Bien, voici donc 1,4 millions de personnes dans la rue. Tout simplement la plus grande manifestation de l'histoire de France, après celle de 1984. L'histoire.

Alors après, on peut raconter comme les journalistes (objectifs et neutres, forcément objectifs et neutres) que les associations qui organisent l'événement sont des coquilles vides (tiens, au fait, messieurs les journalistes d'information qui faites des enquêtes objectives pour aider le public à se former une opinion, je serais très intéressé à connaître le nombre de militants de LBGT ou d'Act-Up, et le montant des subventions publiques accordées à ces deux associations, qu'on voit le rapport coquille vide / financement public /efficacité médiatique /influence auprès du pouvoir). Si les coquilles vides que vous dénoncez n'ont pas de subventions, elles ont un mérite : elles ont mobilisé 1,4 million de personnes.

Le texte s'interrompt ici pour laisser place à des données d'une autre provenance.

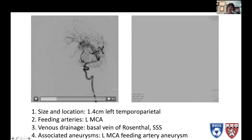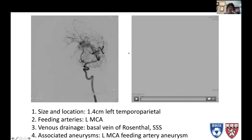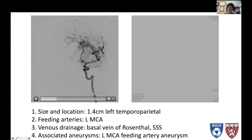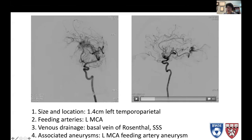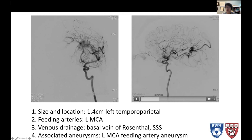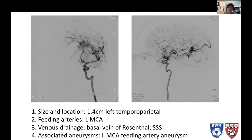Because of this high flow, many AVMs are associated with what's called a feeding artery aneurysm. Here we have a middle cerebral artery aneurysm — it's considered a feeding artery aneurysm to the AVM. On the lateral view, you can see the AVM a bit better, with the MCA feeding it. You see the draining veins right in the middle of the arterial phase, draining into the superior sagittal sinus and into the basal vein of Rosenthal, vein of Galen, and straight sinus — the deep venous system. So I would describe this as a 1.4 centimeter left temporal parietal AVM fed by left MCA branches, with drainage into the basal vein of Rosenthal and superior sagittal sinus, and an associated left MCA feeding artery aneurysm.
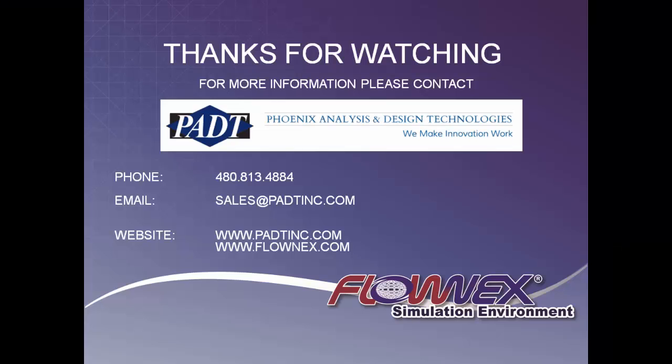If you are interested in learning more about Flownex simulation environments, email, call, or visit the website and set up a discussion with our technical staff at PADT.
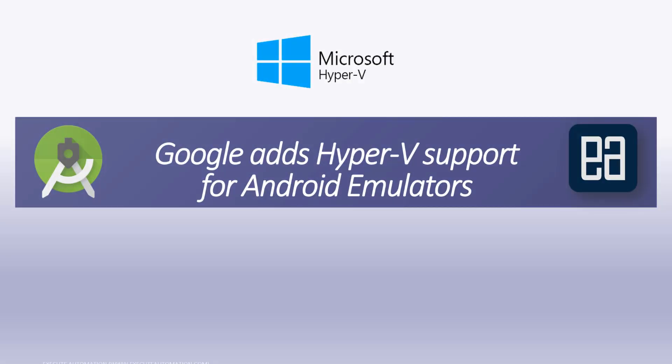Hi guys, my name is Karthik and I'm from azureautomation.com. Today I'm very happy to announce that Google has finally added the support of Hyper-V for Android emulators. That's really cool.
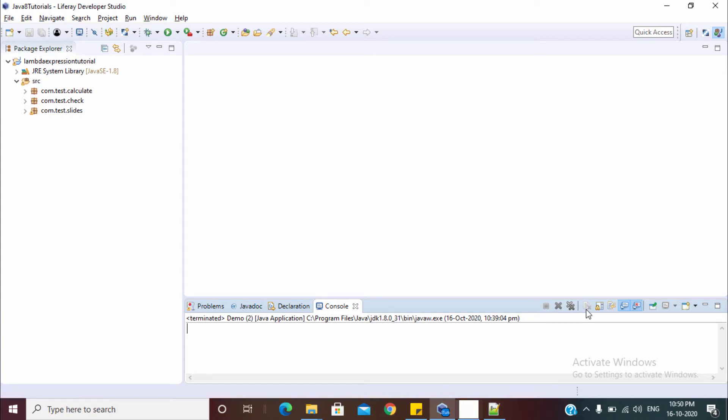Hello friends, welcome to TechFreak. In this video, we will see how we can write comparator using lambda expressions.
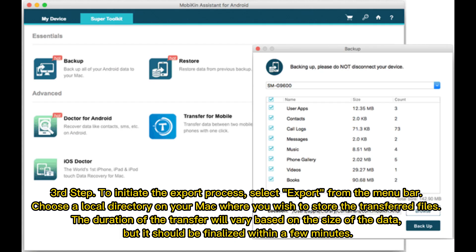Third step. To initiate the export process, select Export from the menu bar. Choose a local directory on your Mac where you wish to store the transferred files. The duration of the transfer will vary based on the size of the data, but it should be finalized within a few minutes.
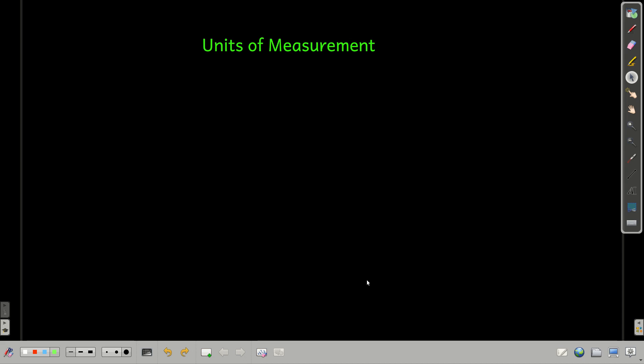So this module is called Units of Measurement. Just a couple basic things to remind you about. I'm sure you've seen them before already.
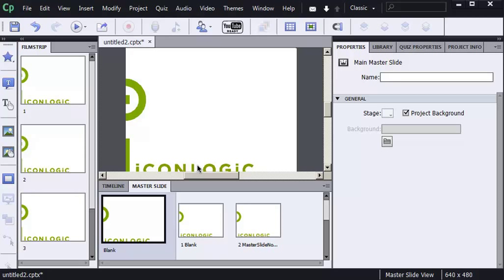In this project, I've applied an image to the main master slide. And as you can see, the content master slides and the filmstrip slides are all using that same image.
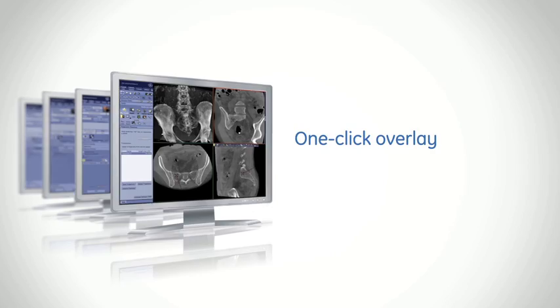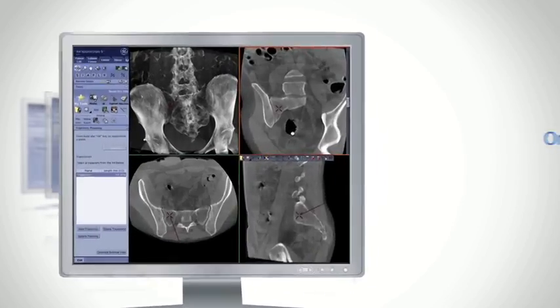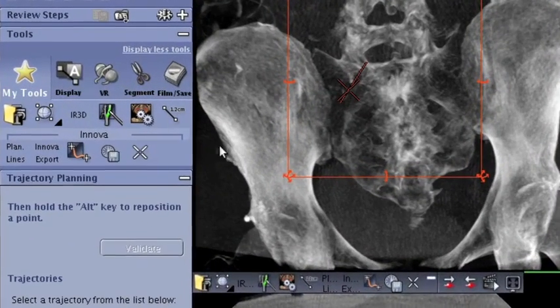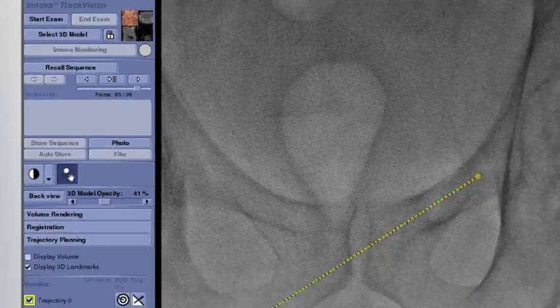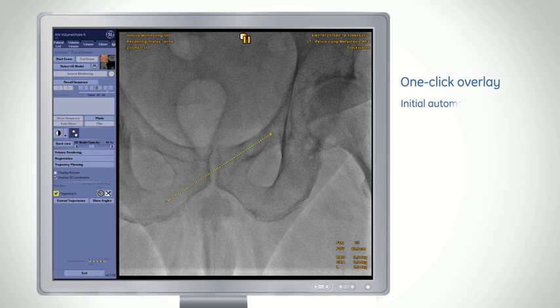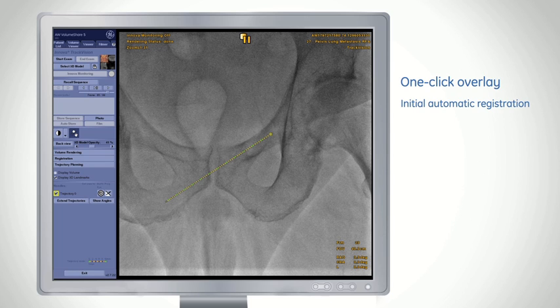Innova Track Vision overlays these trajectories on fluoroscopy in a single click to provide live 3D needle guidance with initial automatic registration.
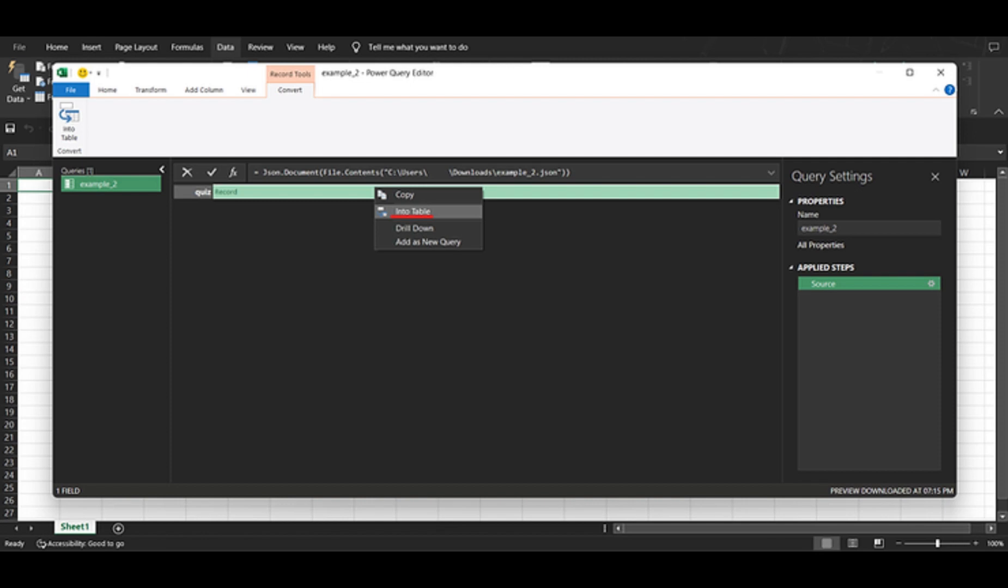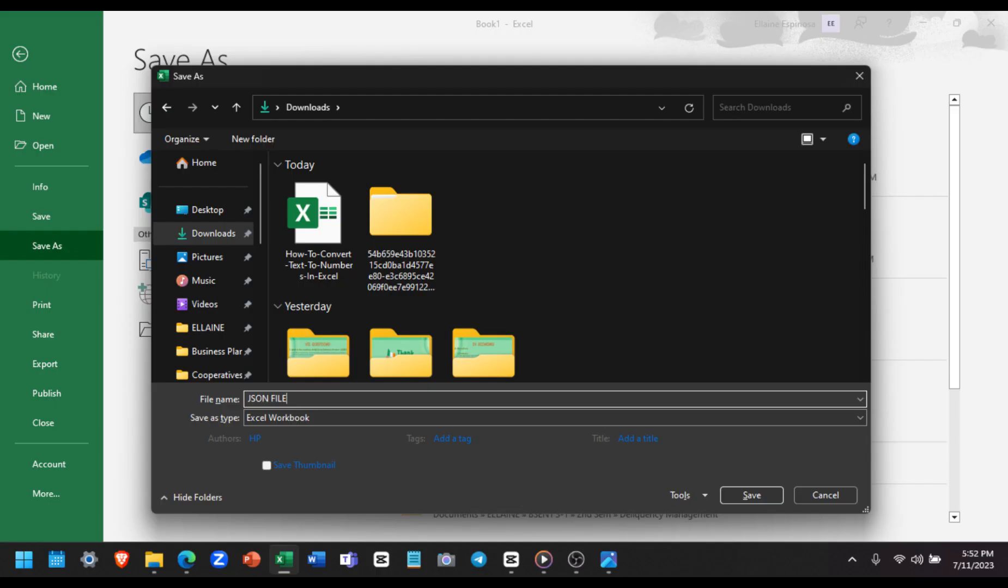Once you are satisfied, click OK. Now that our JSON file is ready, let's save it as an Excel file. Simply click on the close and load button and then select the close and load option.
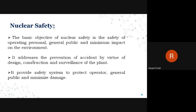Nuclear safety addresses the prevention of accidents by virtue of design, construction, and operation of the plant. The plant should be set up in such a way that it prevents any accident within the premises, so all necessary precautions need to be taken.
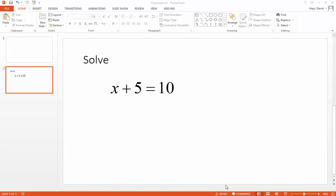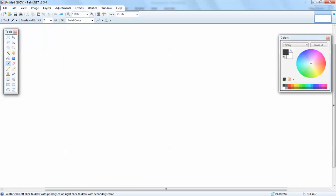Let's take a look at this problem. I'm going to solve x plus 5 equals 10. So we've got x plus 5 is equal to 10.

Nous voici donc dans un rapport de force, somme toute assez classique en politique, celui de la rue contre le pouvoir. Les politiques sont toujours sensibles au rapport de force. Je note que cette fois-ci, il y avait plus d'hommes politiques, et qu'accessoirement on a entendu s'exprimer, en sus des leaders de droite, des socialistes, des radicaux de gauche et même un membre de la Ligue Communiste Révolutionnaire : ce sont de signes clairs que le rapport de force est en train de changer et que la mobilisations 'étend au-delà de son noyau. Autrement dit, "la mayonnaise prend".

Bien sûr, "on" va encore une fois faire semblant d'ignorer en expliquant que ce n'est pas suffisant et que la volonté est intacte etc. Donc, il y aura encore une manifestation qui va encore plus mobiliser. Car ces gens qui descendent dans la rue, ils ont l'air têtus. Tenaces. Volontaires. Indécrottables. Casse-pied.

Jusqu’à ce qu'un camp se fissure. Il s’agit d'une lutte d'usure entre une volonté et une résistance. Un rapport de force. Entre celui qui sera le plus déterminé, et qui donc convaincra le plus l'adversaire.

La victoire sera dans la bascule de populations non encore mobilisées, car là est le centre de gravité : chez les Français d'origine immigrée et le peuple de gauche, qui ne se retrouve pas dans cette loi matérialiste, ultralibérale et esclavagiste.

Il semble qu'on soit au point de bascule. Celui où l'histoire hésite entre le point culminant (selon Clausewitz, le point le plus avancé que l'attaquant a atteint avant de céder à nouveau du terrain) et le point décisif qui permet d'atteindre le centre de gravité.

Les forces pèsent l'une contre l'autre. La plus volontaire l'emportera.

O. Kempf

Commentaires

1. Le dimanche 24 mars 2013, 21:08 par

Comme vous, je n'aimerai pas être policier ce soir ... pour en connaitre un grand nombre après avoir réalisé deux docs en leur sein .. Il y a là aussi un point de bascule .. jusqu'où obéiront-ils ?
Pour ma part, alors que j'ai toujours fait en sorte d'huiler les rapports entre ce corps constitué et le citoyen, je ne saurai plus comment les soutenir ...

PS : J'ai lu cette après-midi, au milieu de l'odieuse halali des twitos, l'un d'entre-eux, particulièrement prescripteur, @Maitre_Eolas, appeler au tir à la 7.62 sur la foule, appuyé en cela par un texte legifrance ...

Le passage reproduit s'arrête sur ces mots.